Description of the task. All that is wanted is the exact text of the lines below from the one with "Berretto adicolor Classic" through the one with "2015-2025 Ford Fuel Pump Controller OEM", inclusive, minus any pictures.

══ Given information

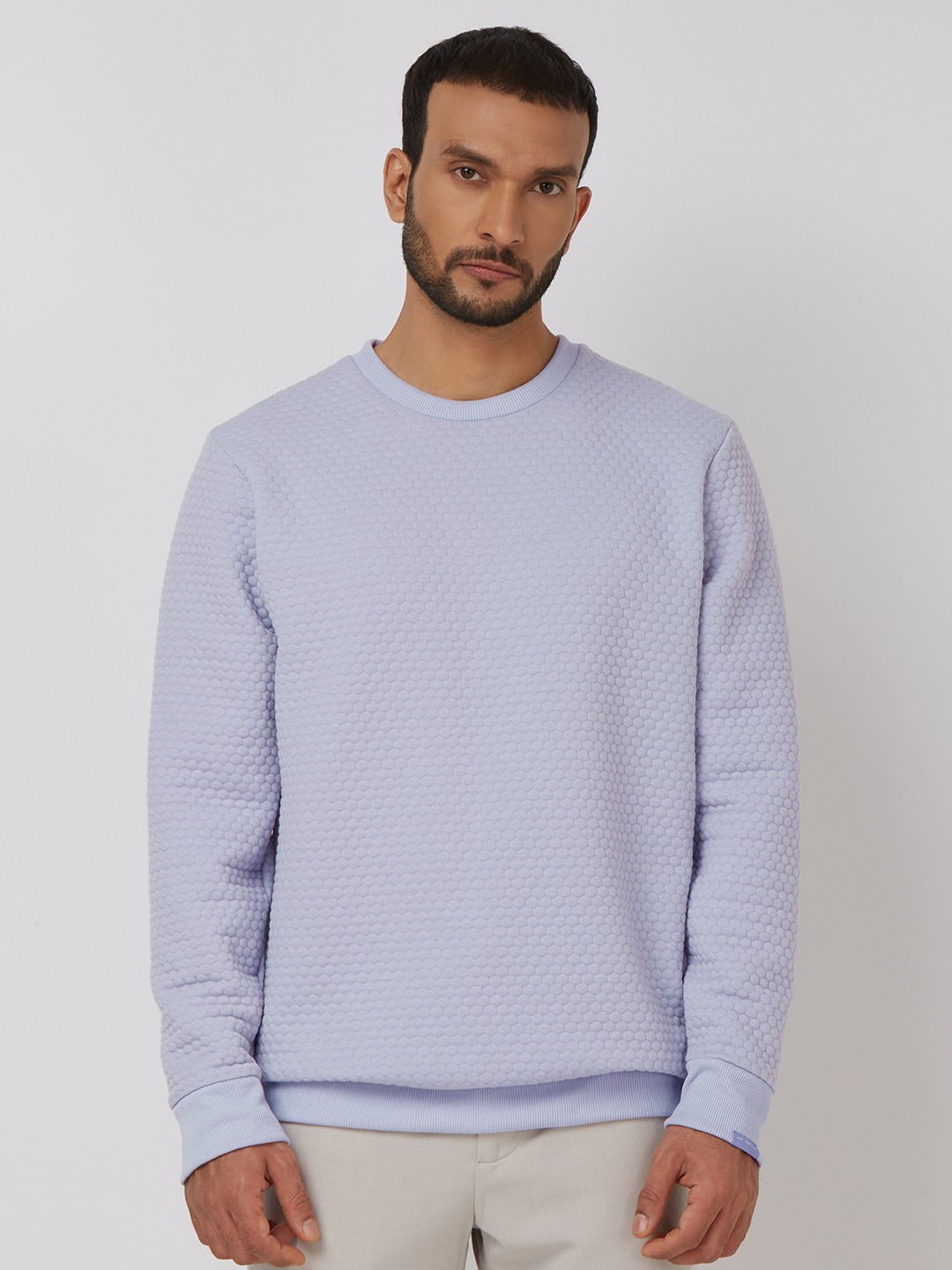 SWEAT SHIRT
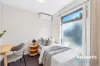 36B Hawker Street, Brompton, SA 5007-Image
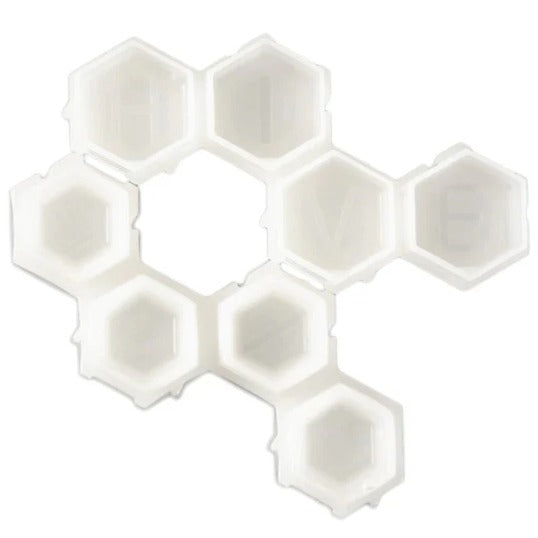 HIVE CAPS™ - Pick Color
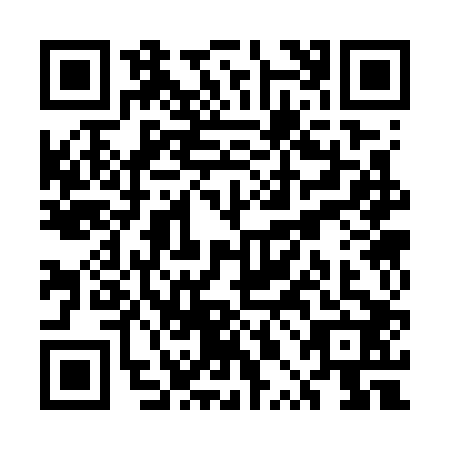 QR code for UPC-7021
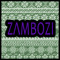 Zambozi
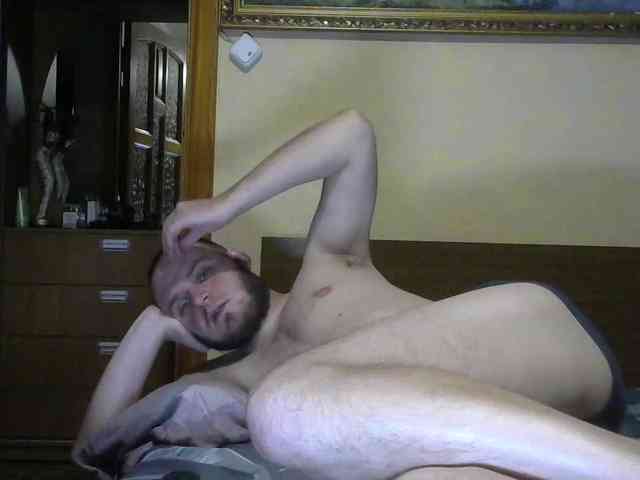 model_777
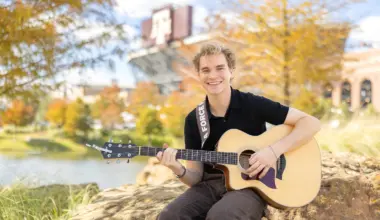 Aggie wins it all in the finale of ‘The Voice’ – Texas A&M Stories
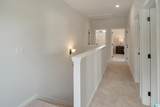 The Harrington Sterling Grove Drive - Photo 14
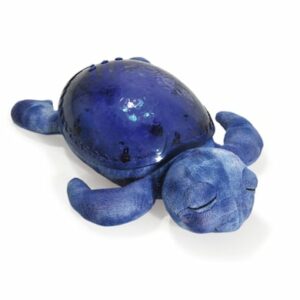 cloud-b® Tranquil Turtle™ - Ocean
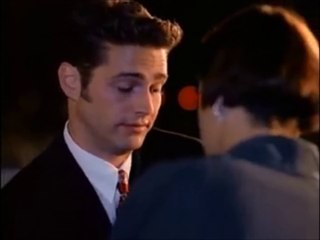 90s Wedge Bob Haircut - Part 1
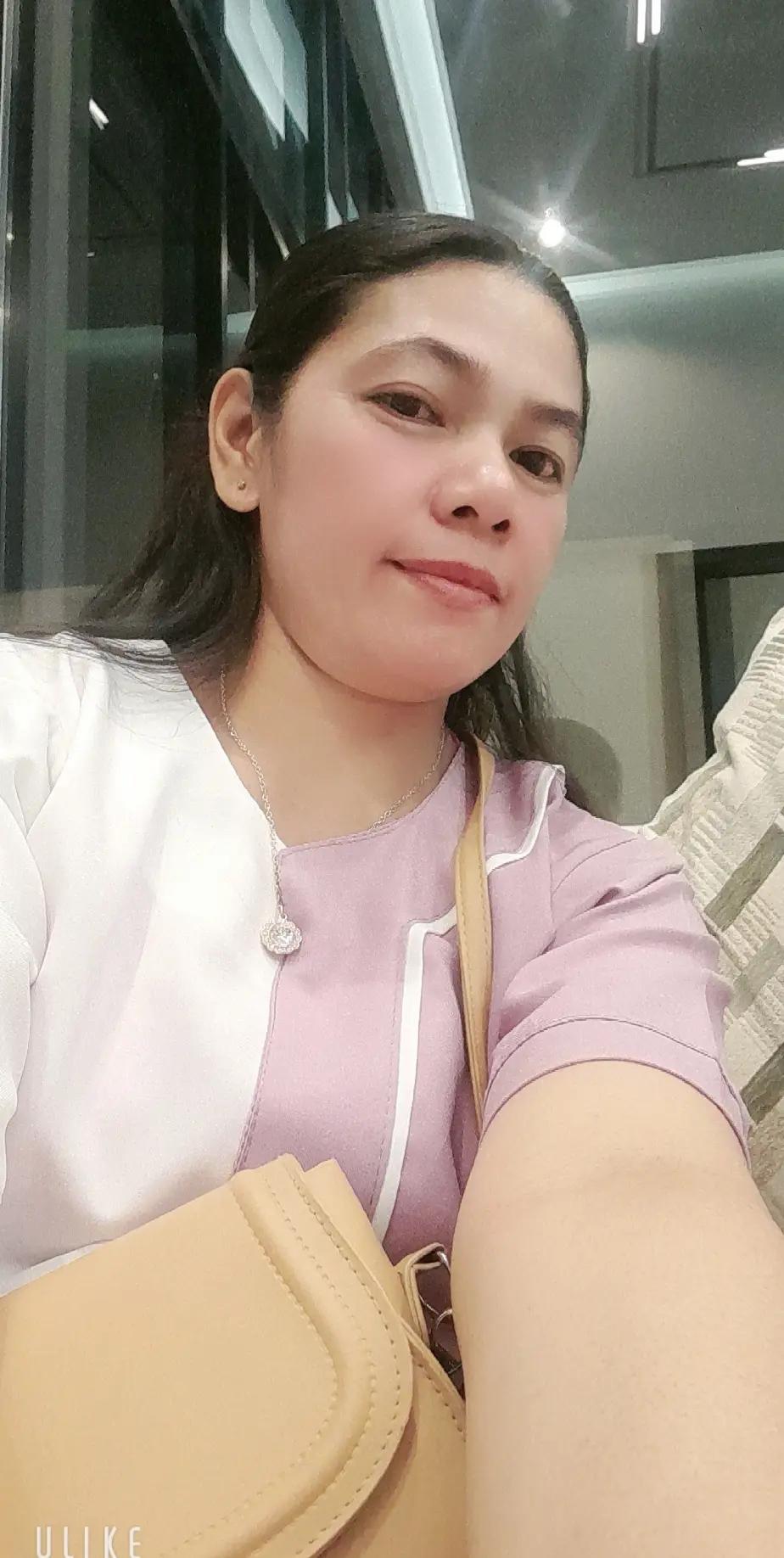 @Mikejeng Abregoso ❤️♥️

════
══ Given information

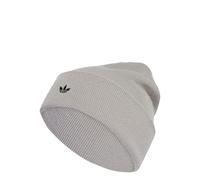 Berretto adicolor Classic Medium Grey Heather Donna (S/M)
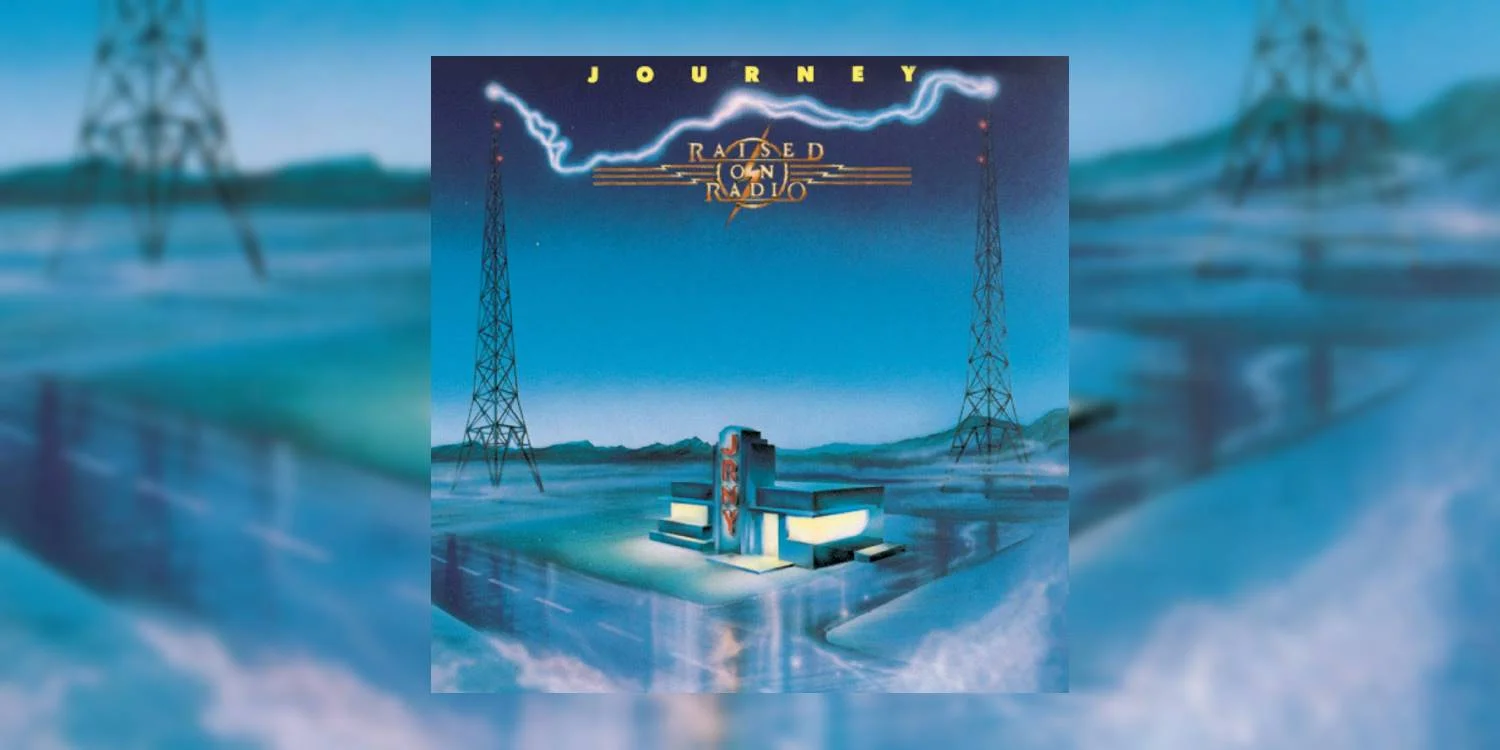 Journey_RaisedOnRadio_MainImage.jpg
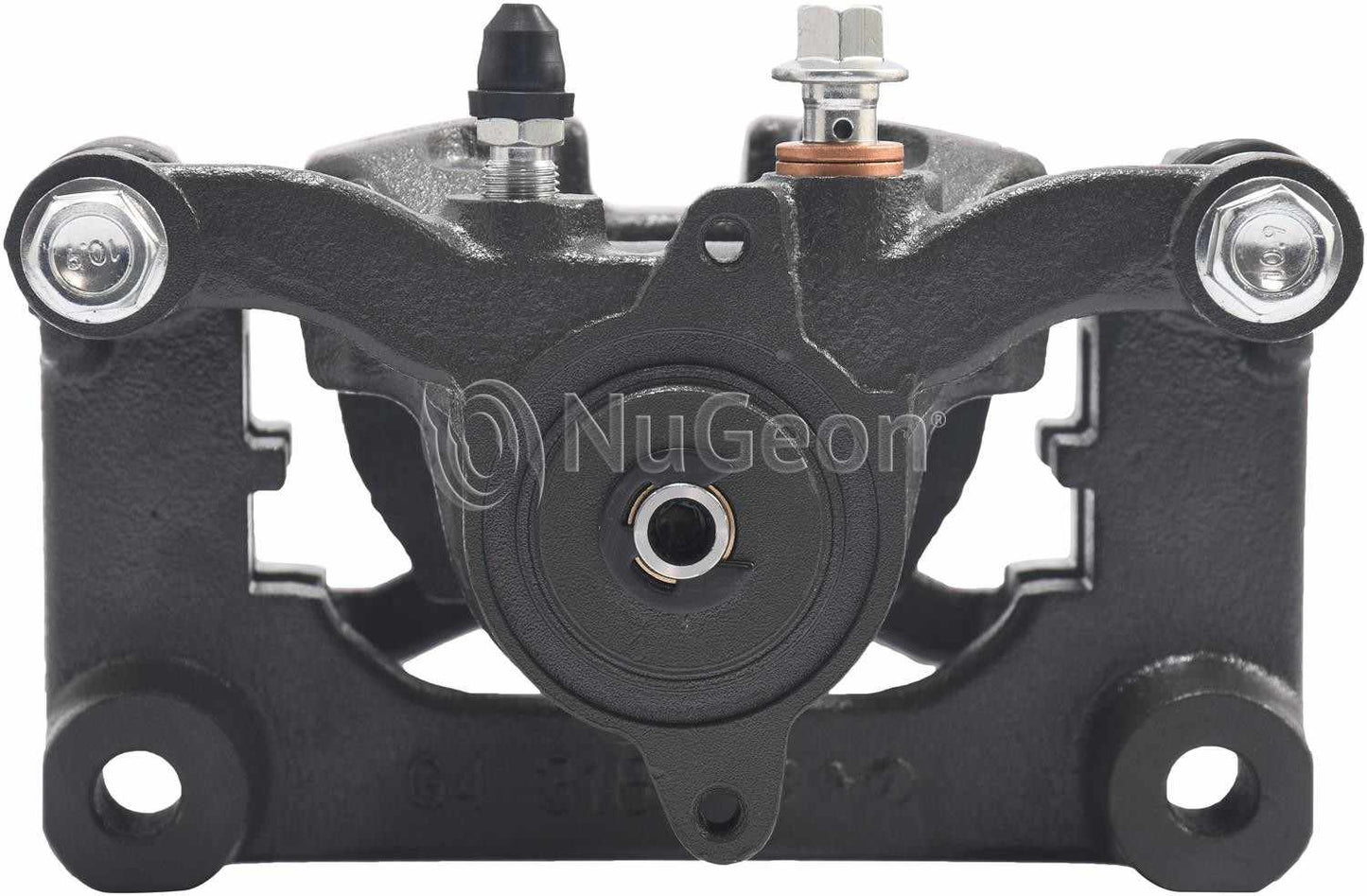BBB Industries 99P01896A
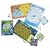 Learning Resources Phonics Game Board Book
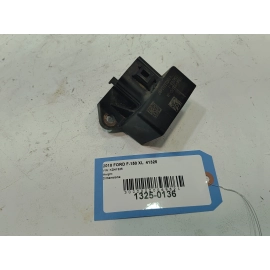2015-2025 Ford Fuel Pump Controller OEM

════
══ Given information

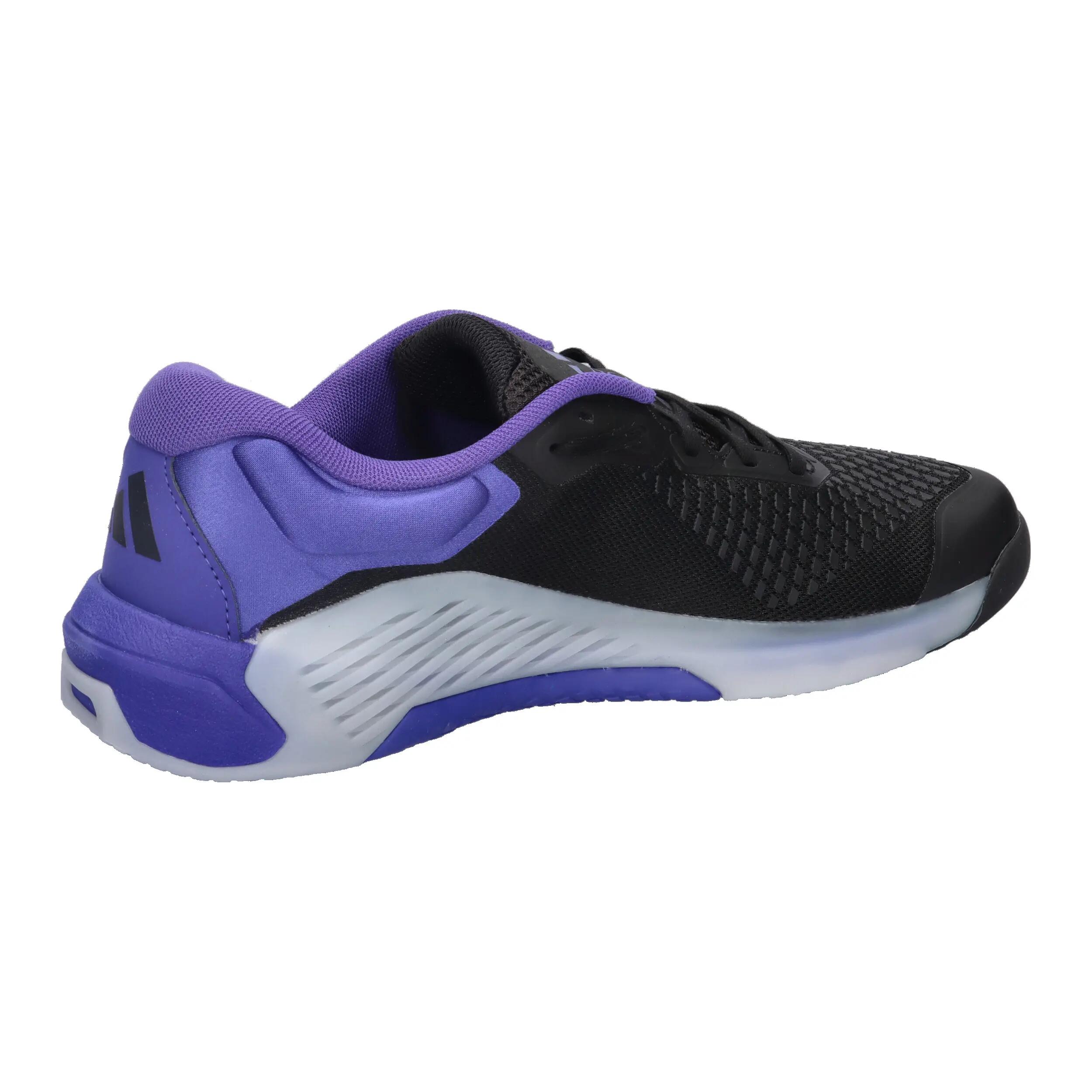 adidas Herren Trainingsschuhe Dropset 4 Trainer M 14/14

════

Solved problem.
 Berretto adicolor Classic Medium Grey Heather Donna (S/M)
 Journey_RaisedOnRadio_MainImage.jpg
BBB Industries 99P01896A
 Learning Resources Phonics Game Board Book
2015-2025 Ford Fuel Pump Controller OEM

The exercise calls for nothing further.